Data listing:
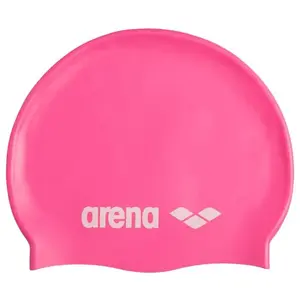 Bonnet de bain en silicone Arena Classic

==

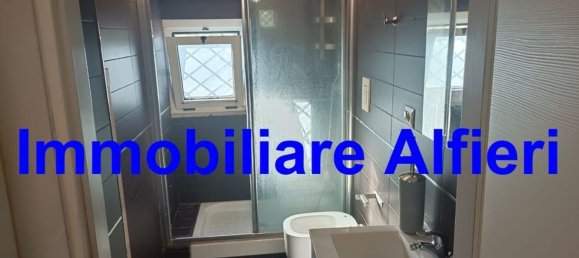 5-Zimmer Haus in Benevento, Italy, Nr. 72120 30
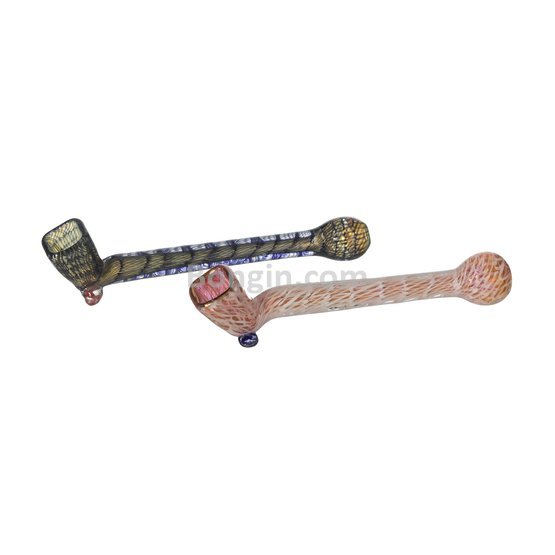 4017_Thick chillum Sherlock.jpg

Requirement:
Within the entries above, give again exactly the lines starting at the one that contains "5-Zimmer Haus in" and ending at the one that contains "4017_Thick chillum Sherlock.jpg", leaving out the pictures.

Answer box:
 5-Zimmer Haus in Benevento, Italy, Nr. 72120 30
 4017_Thick chillum Sherlock.jpg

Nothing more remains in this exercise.